# Directions for this task
Nothing but the lines from the one containing "Blonde model cozy" through the end of the data should be retyped, exactly as they stand, and pictures should not be retyped.

# The input
· · · ·
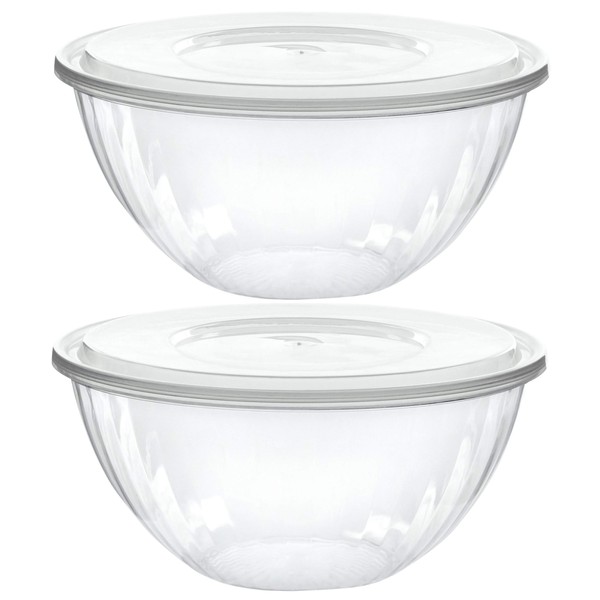Plasticpro Disposable 48 Ounce Round Crystal Clear Plastic Serving Bowls With Lids, Party Snack or Salad Bowl, Chip Bowls, Snack Bowls, Candy Dish, Salad Container Pack of 4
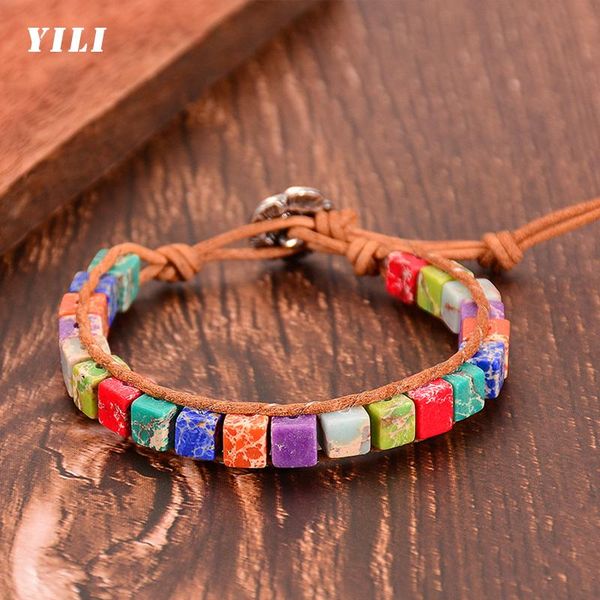 beaded, strands 7 chakra bracelets for women multi color natural stone square beads leather wrap bracelet healing energy boho jewelry, Black
beaded, strands 7 chakra bracelets for women multi color natural stone square beads leather wrap bracelet healing energy boho jewelry, Black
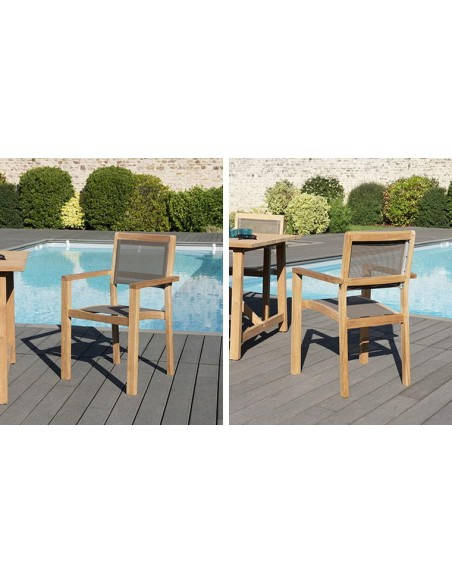 Ensemble jardin table + 6 fauteuils en teck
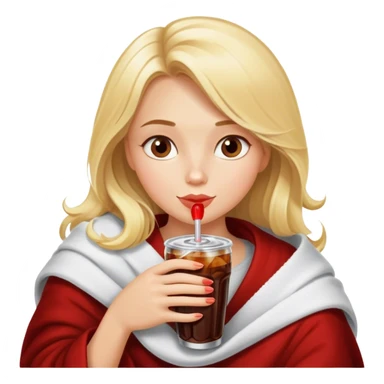 Blonde model cozy in blanket sipping diet cola sticker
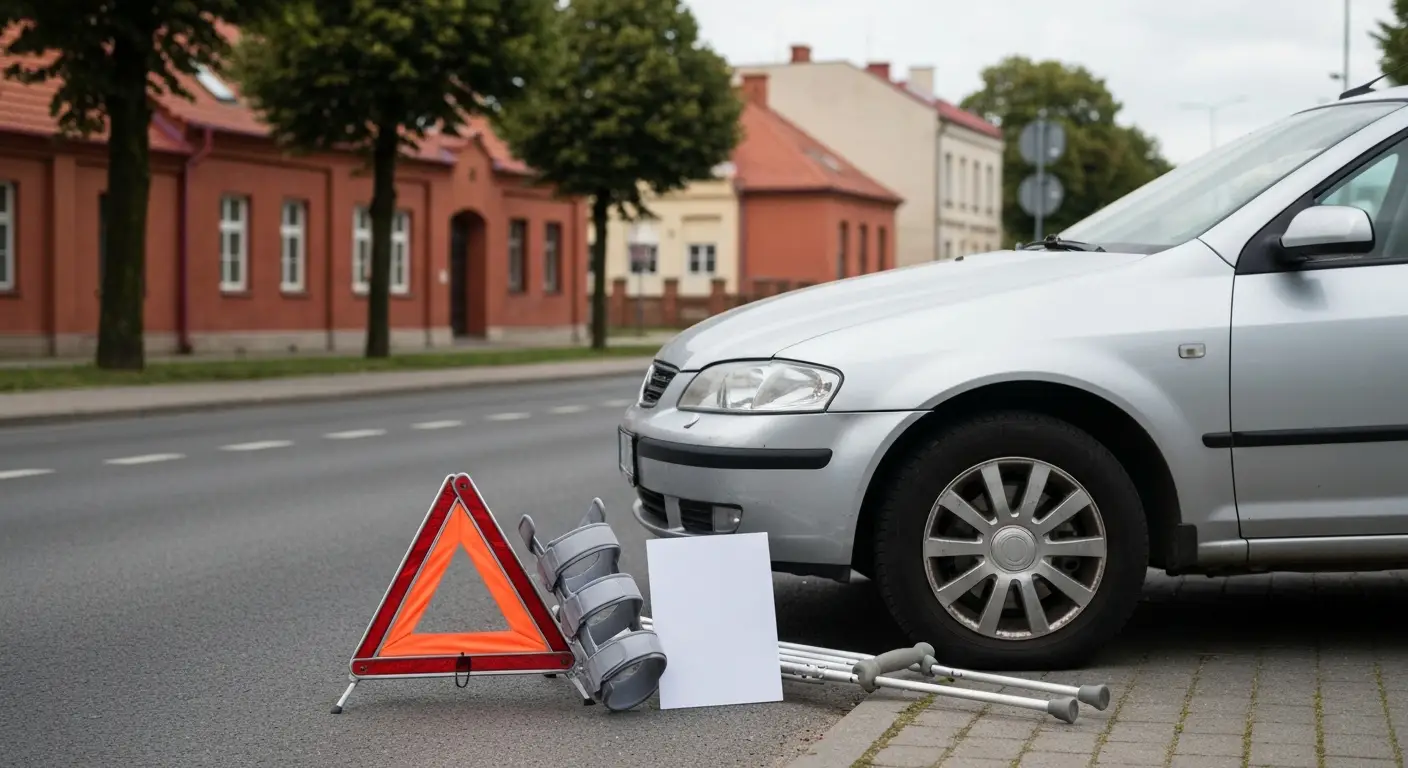 Uszkodzony samochód i sprzęt rehabilitacyjny przy ulicy w Olsztynie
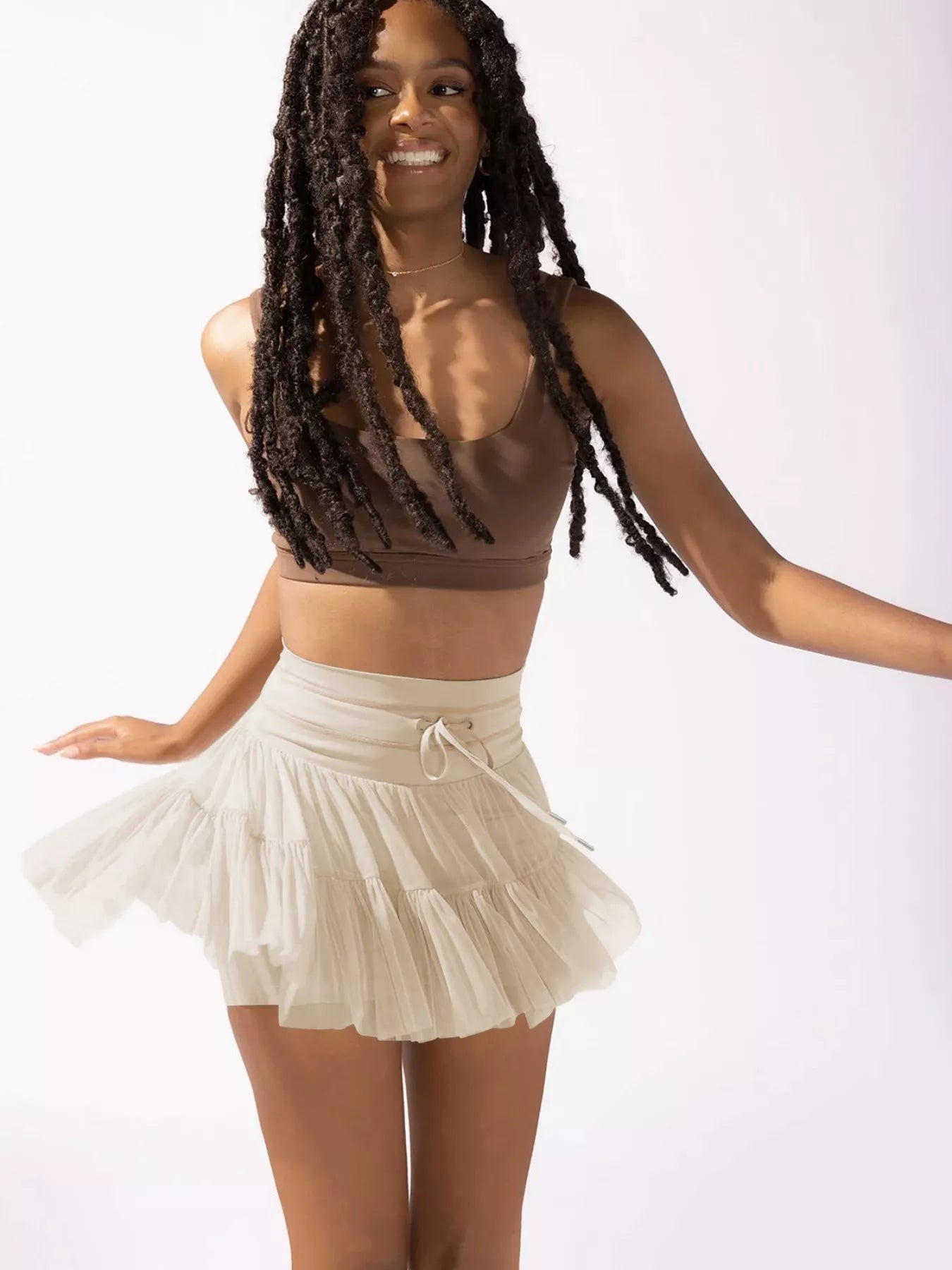 Tiered Drawstring Skort in Dusty Blue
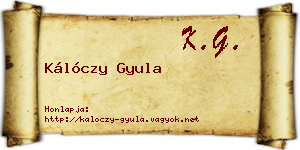 Kálóczy Gyula névjegykártya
· · · ·
# Solution to this problem
 Blonde model cozy in blanket sipping diet cola sticker
 Uszkodzony samochód i sprzęt rehabilitacyjny przy ulicy w Olsztynie
 Tiered Drawstring Skort in Dusty Blue
 Kálóczy Gyula névjegykártya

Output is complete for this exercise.